* **What is being asked**
Please retype the listing exactly as it appears, skipping each picture.

* **Information supplied**
++++++++++++++++++++

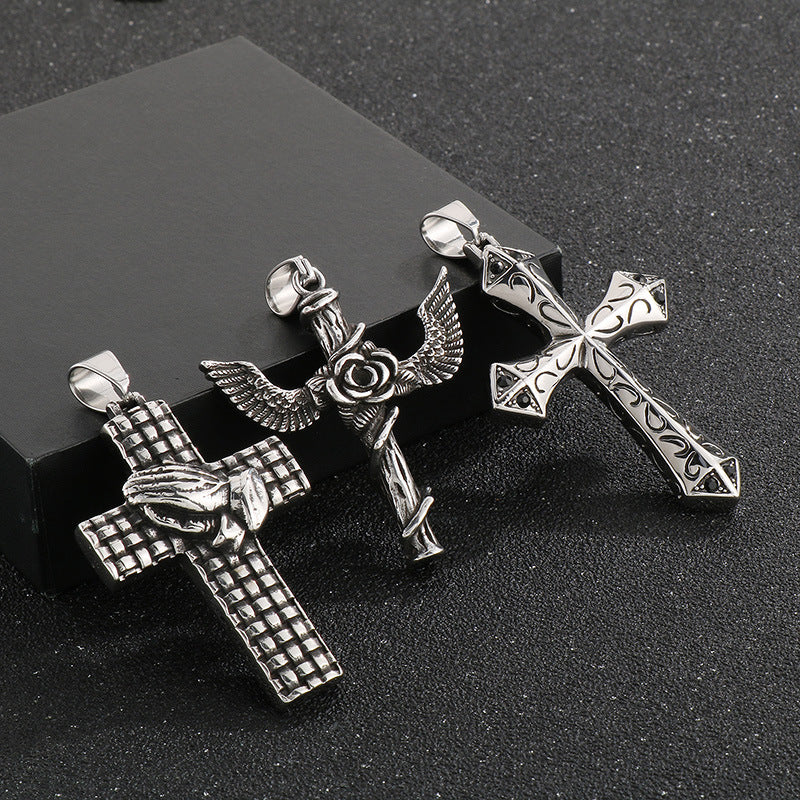 Flying Wings Pendant, Gothic Lion Head Rose Cross Wings Titanium Steel Men's Pendant Necklace
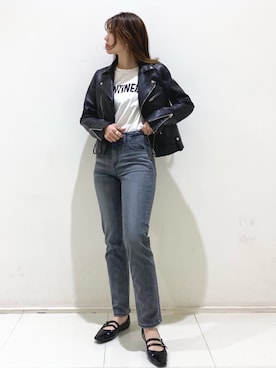 「TICCA（ティッカ）のアイテム（ライダースジャケット）」を使った、BABYLONE STAFFさん（レディース・158cm）の冬コーディネート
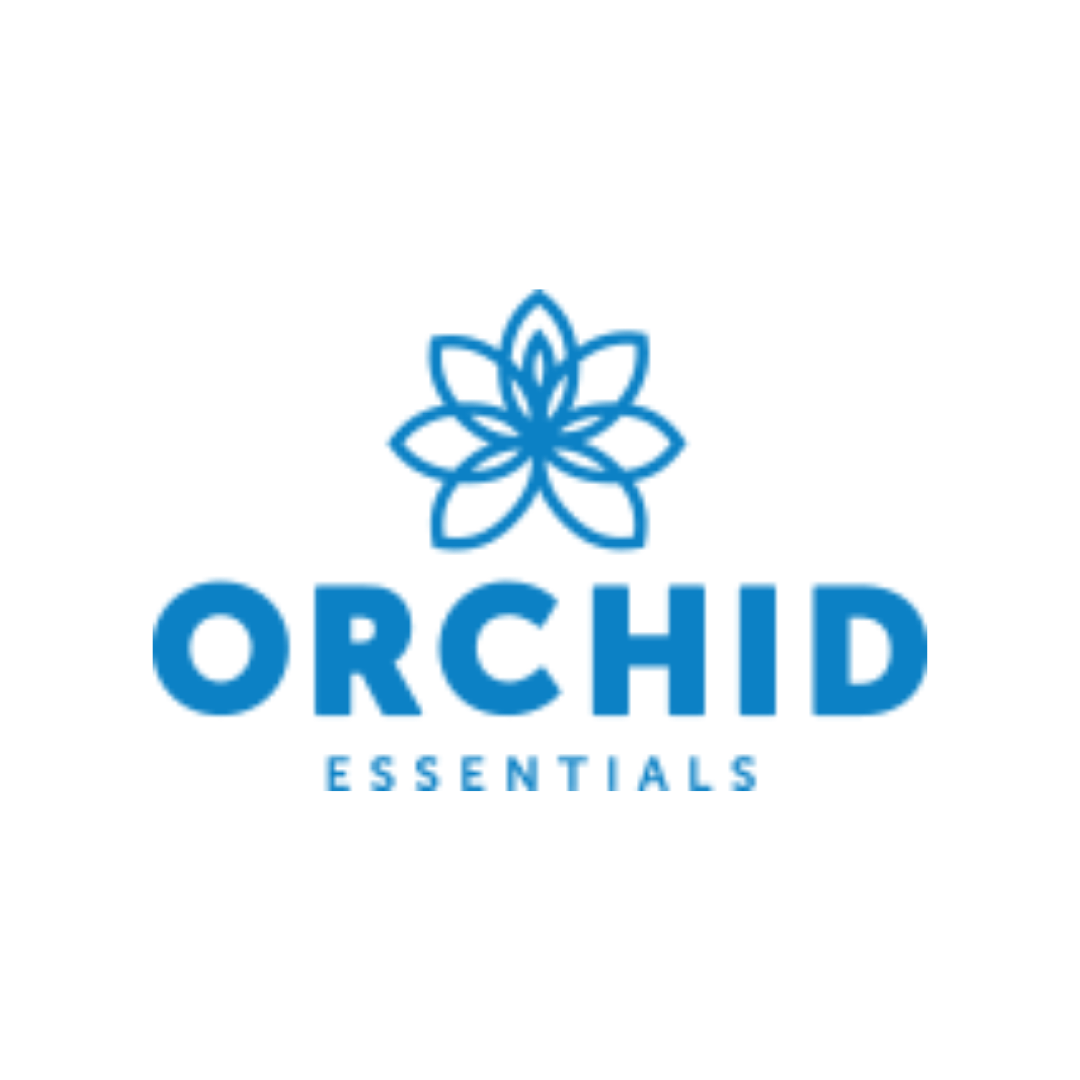 a blue logo for orchid essentials with a flower on it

++++++++++++++++++++

* **Solution to the problem**
 Flying Wings Pendant, Gothic Lion Head Rose Cross Wings Titanium Steel Men's Pendant Necklace
 「TICCA（ティッカ）のアイテム（ライダースジャケット）」を使った、BABYLONE STAFFさん（レディース・158cm）の冬コーディネート
 a blue logo for orchid essentials with a flower on it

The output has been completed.